The film pictures Churchill as a drunken, mentally ill Prime Minister who was looked down upon and mocked behind his back by all his subordinates, but who was bolstered by his wife Clementine (Miranda Richardson).

There are lots of scenes that are clearly sheer imagination, like one that is almost laughable where Churchill on his knees alone in his room speechifies to God, and many showing private conversations between him and Clementine that are undoubtedly mere conjecture. Tunzelmann claims that she concocted the story based mostly on the diaries of Lord Allenbrooke (Danny Webb), who, according to Tunzelmann, “was sharply critical of his behavior in those weeks and months beforehand, commenting on his undue influence, his excessive drinking and his failing energy levels.” But nowhere does she cite any authority for the idea that Churchill vigorously and violently opposed the invasion up until the last minute as pictured here, and I can find none.

As an aside that has nothing to do with the film, IMDB has a huge blooper in that it identifies the name of the character played by Webb as “Allen Brooke” rather than Lord Allenbrooke.

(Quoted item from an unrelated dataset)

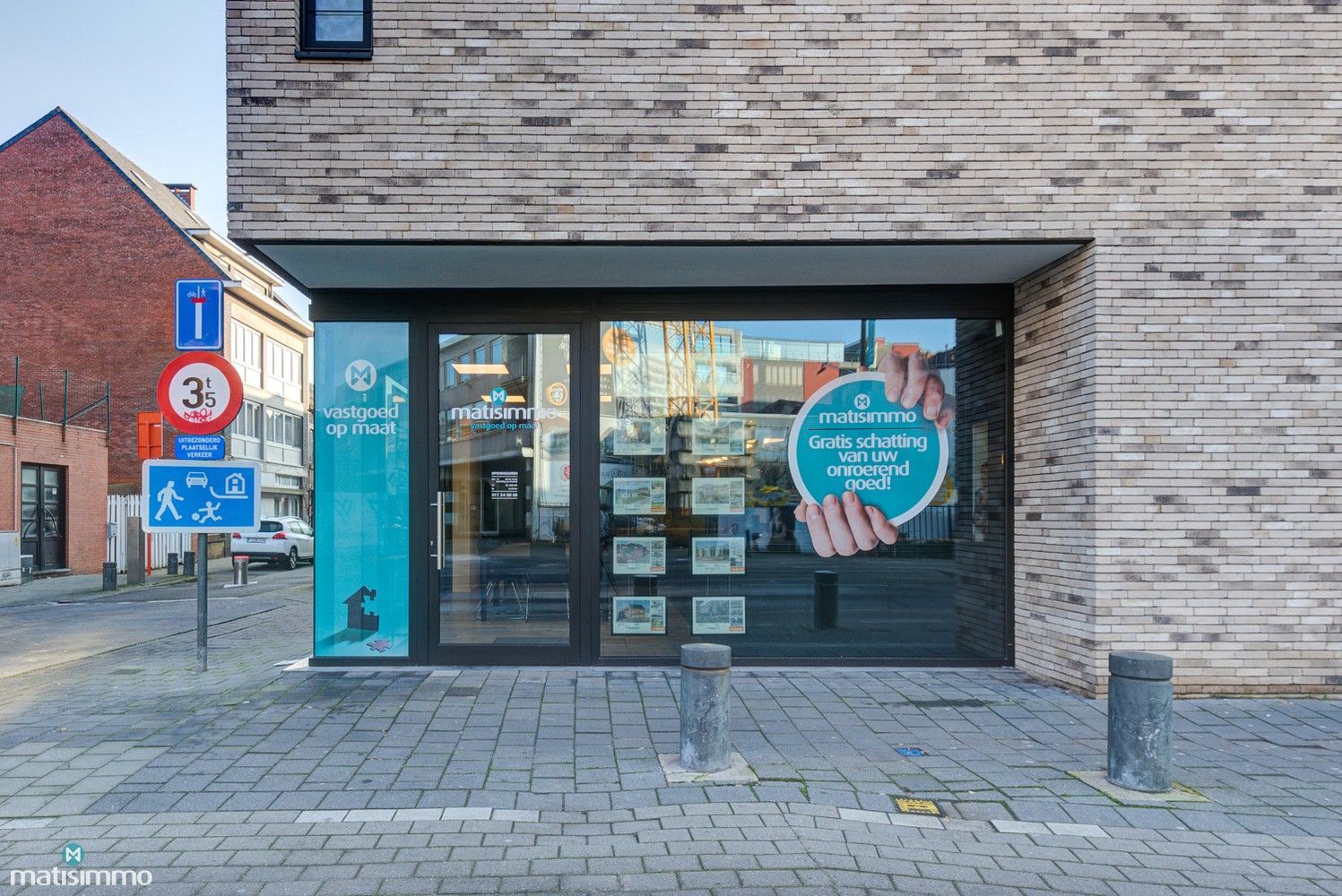 INSTAPKLAAR HANDELSPAND/KANTOORRUIMTE MET EEN UITSTEKENDE LIGGING TE HASSELT foto 2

Teplizky and Tunzelmann go to lengths to falsify the facts, even admitting that two early morning meetings among Ike and his staff on June 4 and 5 trying to decide whether or not the weather would allow them to invade were not attended by Churchill, even though their film shows him in attendance. There seems no reason to do this other than to tarnish Churchill with something that did not occur.

The film is also burdened by a maudlin score and an ending that seems to go on almost forever. This is a vindictive calumny not a paean to a great man who almost singlehandedly stood up and opposed Hitler when it looked like all was lost. It is shameful with no raison d’être, but is typical of the effete British bluebloods who cast Churchill into oblivion in the 1930s and still obviously hate him.